*YOUR GOAL:* Look for the word "online" in the entries below, then copy every line that has it.

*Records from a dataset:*
-------------------------
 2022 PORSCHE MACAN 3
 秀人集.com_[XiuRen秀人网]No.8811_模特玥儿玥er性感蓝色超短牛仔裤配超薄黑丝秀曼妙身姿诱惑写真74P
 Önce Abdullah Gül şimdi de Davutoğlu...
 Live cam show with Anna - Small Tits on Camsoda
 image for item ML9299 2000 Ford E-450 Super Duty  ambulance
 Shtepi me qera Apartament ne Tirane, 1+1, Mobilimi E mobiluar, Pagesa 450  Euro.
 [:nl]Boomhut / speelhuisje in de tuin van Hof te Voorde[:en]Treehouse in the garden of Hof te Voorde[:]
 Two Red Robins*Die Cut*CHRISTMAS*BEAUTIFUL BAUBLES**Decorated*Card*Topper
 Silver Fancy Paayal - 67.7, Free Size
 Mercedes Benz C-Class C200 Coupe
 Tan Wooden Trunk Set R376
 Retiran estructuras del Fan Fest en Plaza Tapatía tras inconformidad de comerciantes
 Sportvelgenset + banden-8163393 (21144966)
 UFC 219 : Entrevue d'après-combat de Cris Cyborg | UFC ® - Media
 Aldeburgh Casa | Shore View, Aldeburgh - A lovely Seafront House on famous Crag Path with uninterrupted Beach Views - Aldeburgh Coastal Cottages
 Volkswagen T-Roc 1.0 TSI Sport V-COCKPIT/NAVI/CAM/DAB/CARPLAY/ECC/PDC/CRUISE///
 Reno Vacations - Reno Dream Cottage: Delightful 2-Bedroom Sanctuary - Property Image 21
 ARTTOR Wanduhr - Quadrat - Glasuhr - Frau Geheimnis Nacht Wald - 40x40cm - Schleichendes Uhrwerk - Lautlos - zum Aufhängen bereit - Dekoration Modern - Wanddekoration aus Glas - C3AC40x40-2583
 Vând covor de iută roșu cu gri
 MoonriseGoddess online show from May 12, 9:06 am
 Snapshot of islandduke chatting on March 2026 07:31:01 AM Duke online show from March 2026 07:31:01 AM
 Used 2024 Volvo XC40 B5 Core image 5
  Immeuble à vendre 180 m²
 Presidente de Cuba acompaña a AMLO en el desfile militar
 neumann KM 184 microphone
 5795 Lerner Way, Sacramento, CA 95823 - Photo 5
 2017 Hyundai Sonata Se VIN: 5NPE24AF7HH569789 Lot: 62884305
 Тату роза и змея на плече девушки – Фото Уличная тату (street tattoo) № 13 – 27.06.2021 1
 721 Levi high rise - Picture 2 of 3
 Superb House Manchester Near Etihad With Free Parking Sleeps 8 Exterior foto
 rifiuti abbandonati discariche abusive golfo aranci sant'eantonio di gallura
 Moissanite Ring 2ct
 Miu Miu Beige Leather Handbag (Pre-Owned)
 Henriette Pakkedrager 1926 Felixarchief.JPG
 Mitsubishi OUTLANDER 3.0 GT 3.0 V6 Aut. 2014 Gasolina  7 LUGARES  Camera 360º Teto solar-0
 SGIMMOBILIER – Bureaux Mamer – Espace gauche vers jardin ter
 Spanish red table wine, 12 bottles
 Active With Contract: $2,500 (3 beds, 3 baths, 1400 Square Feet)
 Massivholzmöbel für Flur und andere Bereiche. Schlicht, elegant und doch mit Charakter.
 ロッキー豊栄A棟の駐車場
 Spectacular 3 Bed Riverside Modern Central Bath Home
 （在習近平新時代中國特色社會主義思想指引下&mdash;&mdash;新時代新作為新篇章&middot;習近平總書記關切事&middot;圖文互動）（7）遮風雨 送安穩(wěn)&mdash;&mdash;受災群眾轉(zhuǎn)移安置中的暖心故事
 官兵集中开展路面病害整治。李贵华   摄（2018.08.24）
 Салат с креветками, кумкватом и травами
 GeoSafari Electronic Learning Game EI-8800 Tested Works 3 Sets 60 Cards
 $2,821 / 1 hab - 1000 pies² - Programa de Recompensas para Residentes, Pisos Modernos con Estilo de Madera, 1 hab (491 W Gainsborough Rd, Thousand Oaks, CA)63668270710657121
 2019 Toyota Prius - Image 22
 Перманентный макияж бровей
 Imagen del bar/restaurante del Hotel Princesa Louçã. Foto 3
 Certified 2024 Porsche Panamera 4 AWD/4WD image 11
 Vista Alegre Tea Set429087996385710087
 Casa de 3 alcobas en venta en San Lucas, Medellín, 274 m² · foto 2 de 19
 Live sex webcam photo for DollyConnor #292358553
-------------------------
*ANSWER SPACE:*
 MoonriseGoddess online show from May 12, 9:06 am
 Snapshot of islandduke chatting on March 2026 07:31:01 AM Duke online show from March 2026 07:31:01 AM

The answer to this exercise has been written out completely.